By Brigitte L. Nacos
I have no idea whether President-elect Barack Obama will offer Senator Hillary Clinton the important secretary of state position. But I am convinced that Hillary would be an excellent choice and indeed the best choice among those mentioned for the post. After Obama and Clinton met on Thursday in Chicago, Governor Bill Richardson of New Mexico, also in the run for the job, met with Obama on Friday. Perhaps John Kerry, another candidate, will be next to travel to Chicago. I agree with Gal Collins of the New York Times that Kerry’s personality is not well suited for the diplomat-in-chief position. Richardson would be a far better choice than Kerry because of his different persona and his diplomatic background (ambassador to the United Nations and negotiator who won the release of prisoners and hostage with North Korea, Iraq under Saddam Hussein, and Cuba).
However, there is no doubt in my mind that Senator Clinton is best qualified to be secretary of state from day one of the new administration in terms of the depth of her foreign policy knowledge, her extensive traveling abroad, and her positive image around the globe. President Obama’s victory on November 4th has been hailed in most parts of the world. With Hillary as secretary of state at his side, Mr. Obama’s campaign promise of CHANGE would gain more credibility abroad. Just imagine what a compelling message the image of an African-American U.S. president and a female U.S. secretary of state side by side at an international gathering would send to people here and abroad!
Moreover, by selecting Hillary, the incoming president would take an important step in the direction of those supporters of Senator Clinton who did not vote for him or did so reluctantly. This one important appointment would go a long way in reuniting Hillary’s most faithful fans with the Democratic Party under Obama’s leadership.
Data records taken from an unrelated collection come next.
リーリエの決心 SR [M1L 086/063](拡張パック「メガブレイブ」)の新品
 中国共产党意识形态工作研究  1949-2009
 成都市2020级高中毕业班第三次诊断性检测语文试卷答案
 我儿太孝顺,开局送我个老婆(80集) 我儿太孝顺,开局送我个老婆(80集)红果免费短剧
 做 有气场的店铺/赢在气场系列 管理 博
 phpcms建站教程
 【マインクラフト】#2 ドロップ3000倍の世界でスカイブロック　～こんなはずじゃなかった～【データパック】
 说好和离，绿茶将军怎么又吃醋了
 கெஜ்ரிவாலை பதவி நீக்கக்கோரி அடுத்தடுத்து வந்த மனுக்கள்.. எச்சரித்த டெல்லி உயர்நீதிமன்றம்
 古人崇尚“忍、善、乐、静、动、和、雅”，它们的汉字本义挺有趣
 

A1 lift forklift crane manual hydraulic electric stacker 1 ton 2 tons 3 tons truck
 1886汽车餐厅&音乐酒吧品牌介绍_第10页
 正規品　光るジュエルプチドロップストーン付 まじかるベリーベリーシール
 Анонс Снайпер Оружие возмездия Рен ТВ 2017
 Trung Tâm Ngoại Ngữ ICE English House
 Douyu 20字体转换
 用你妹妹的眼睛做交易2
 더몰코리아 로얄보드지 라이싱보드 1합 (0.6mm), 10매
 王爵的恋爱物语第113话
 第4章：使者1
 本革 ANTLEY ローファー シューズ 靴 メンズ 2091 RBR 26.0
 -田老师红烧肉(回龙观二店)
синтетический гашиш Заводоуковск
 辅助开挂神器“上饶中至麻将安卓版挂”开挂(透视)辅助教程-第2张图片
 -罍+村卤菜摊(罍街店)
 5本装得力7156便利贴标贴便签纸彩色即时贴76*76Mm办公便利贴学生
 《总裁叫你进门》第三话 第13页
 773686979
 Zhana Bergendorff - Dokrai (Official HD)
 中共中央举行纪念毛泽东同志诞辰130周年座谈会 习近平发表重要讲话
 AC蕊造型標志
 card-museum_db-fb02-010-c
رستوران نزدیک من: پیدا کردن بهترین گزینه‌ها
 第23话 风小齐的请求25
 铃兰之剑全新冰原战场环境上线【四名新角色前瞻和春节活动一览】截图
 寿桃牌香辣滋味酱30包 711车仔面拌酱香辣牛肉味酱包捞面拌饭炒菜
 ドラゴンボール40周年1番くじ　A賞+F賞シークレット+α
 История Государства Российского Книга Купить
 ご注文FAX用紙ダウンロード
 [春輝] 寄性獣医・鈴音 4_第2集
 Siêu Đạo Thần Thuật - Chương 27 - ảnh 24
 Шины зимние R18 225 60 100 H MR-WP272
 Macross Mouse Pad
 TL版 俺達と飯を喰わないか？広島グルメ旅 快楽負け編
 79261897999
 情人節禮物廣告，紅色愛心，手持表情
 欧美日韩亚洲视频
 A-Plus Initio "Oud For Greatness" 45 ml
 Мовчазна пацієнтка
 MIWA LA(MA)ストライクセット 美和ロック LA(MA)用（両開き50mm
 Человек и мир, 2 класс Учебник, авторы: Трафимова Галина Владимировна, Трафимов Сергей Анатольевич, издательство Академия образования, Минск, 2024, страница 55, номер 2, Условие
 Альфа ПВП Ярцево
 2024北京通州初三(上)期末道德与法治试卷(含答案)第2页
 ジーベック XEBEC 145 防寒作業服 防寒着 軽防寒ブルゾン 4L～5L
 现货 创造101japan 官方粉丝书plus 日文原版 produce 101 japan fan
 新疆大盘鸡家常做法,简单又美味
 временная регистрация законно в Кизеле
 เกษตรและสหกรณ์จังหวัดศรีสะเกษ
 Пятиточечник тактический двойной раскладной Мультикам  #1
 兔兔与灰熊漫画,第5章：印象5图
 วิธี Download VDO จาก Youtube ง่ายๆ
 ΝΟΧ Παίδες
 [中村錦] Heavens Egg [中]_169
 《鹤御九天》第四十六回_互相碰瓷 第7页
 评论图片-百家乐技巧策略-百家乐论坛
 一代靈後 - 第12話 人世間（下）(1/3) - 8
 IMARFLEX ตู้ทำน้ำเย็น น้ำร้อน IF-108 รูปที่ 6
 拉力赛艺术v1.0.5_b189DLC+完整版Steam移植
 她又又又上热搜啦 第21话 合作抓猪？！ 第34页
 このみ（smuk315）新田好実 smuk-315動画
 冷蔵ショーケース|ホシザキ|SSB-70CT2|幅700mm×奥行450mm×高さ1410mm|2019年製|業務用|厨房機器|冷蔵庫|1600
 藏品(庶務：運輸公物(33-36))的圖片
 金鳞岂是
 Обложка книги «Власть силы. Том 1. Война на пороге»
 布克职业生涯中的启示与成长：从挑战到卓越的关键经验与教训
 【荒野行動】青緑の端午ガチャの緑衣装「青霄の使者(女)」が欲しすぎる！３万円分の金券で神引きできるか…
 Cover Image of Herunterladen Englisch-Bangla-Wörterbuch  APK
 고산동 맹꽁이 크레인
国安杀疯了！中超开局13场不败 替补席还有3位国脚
This Saturday morning, the Washington Post reports that Clinton, Richardson, and Kerry are top contenders for the attractive position. The fact that Senator Clinton has remained silent and not said that she is not interested seems to indicate that she wants the job. If the president-elect was not sure that she was his first choice before he invited her to Chicago, he should not have arranged a meeting that, as he must have known, would be reported. If he now decides in favor of Richardson or Kerry or someone else, it means snubbing Hillary in full public view. At this point, it would not be terribly credible, if Hillary were to declare that she is not and was not interested in becoming secretary of state.